Given data
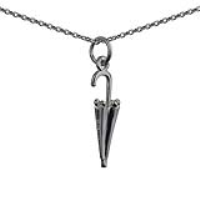 Silver 22x6mm Umbrella Pendant with a 1mm wide rolo Chain 14 inches Only Suitable for Children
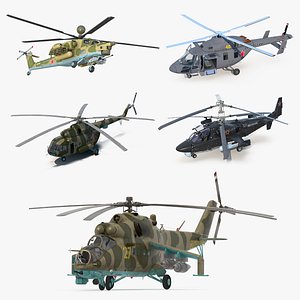 Rigged Russian Military Helicopters 3D Models Collection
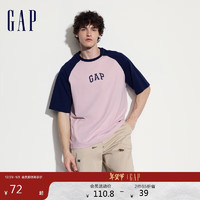 Gap 盖璞 男女装2024夏季新款LOGO棉质撞色插肩袖短袖T恤美式上衣544461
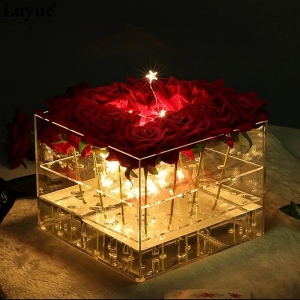 正方形の透明なアクリルの花のボックスの結婚式ルルーシュのバラボックス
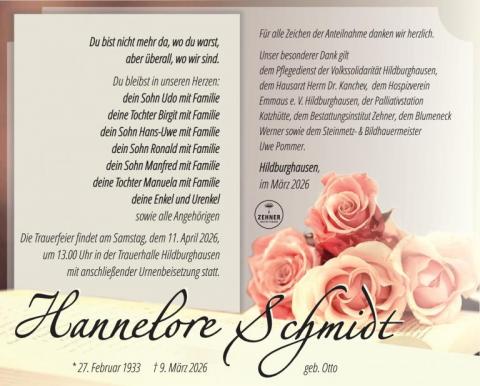 Traueranzeige Hannelore Schmidt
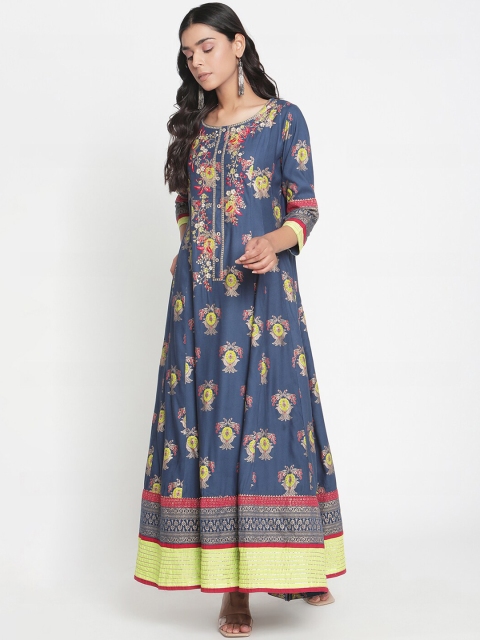 

Ramas Women Grey & Red Ethnic Motifs Printed Anarkali Kurta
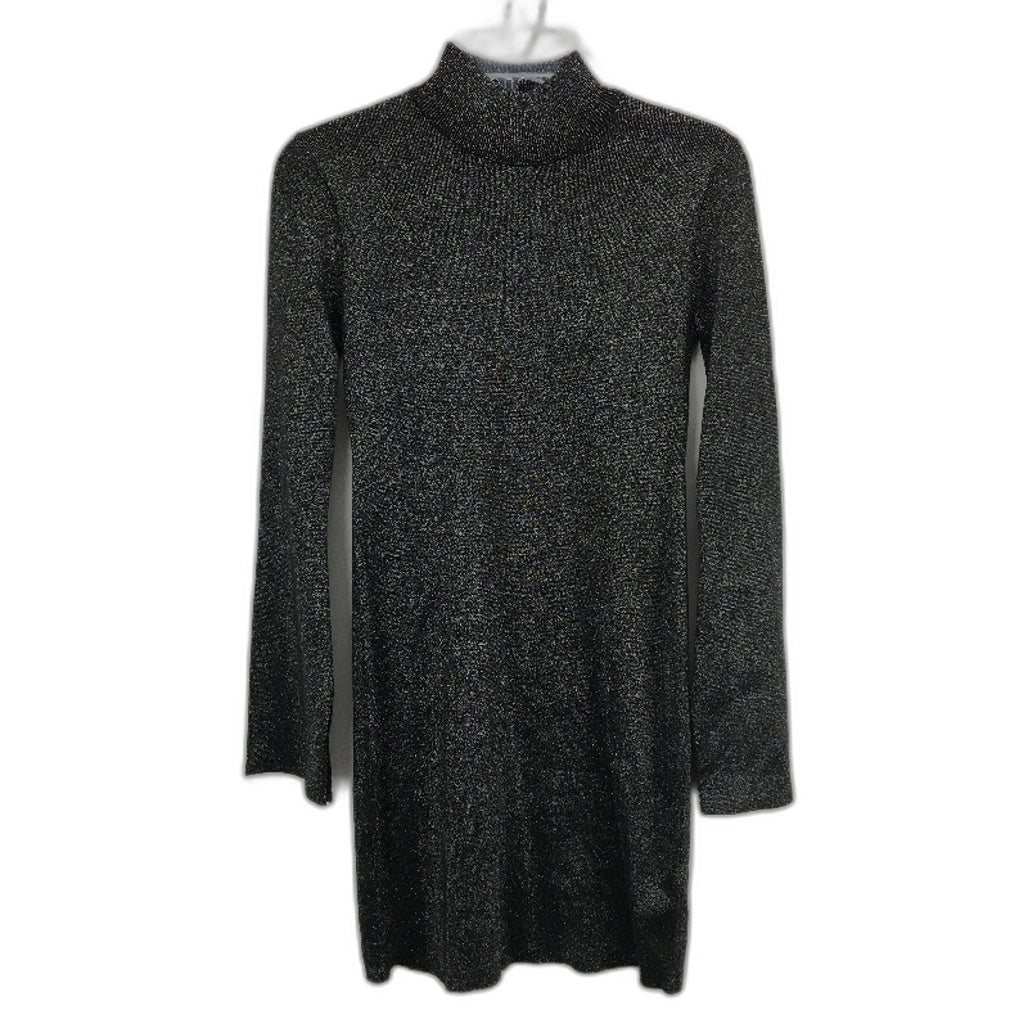 Forever New Black Sparkly Turtle Neck Bodycon Mini Dress Ladies Size AU 8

Aim of the exercise
Word for word, give the entries back in full; the pictures do not belong in the copy.

Exercise answer
 Silver 22x6mm Umbrella Pendant with a 1mm wide rolo Chain 14 inches Only Suitable for Children
 Rigged Russian Military Helicopters 3D Models Collection
 Gap 盖璞 男女装2024夏季新款LOGO棉质撞色插肩袖短袖T恤美式上衣544461
 正方形の透明なアクリルの花のボックスの結婚式ルルーシュのバラボックス
 Traueranzeige Hannelore Schmidt

Ramas Women Grey & Red Ethnic Motifs Printed Anarkali Kurta
 Forever New Black Sparkly Turtle Neck Bodycon Mini Dress Ladies Size AU 8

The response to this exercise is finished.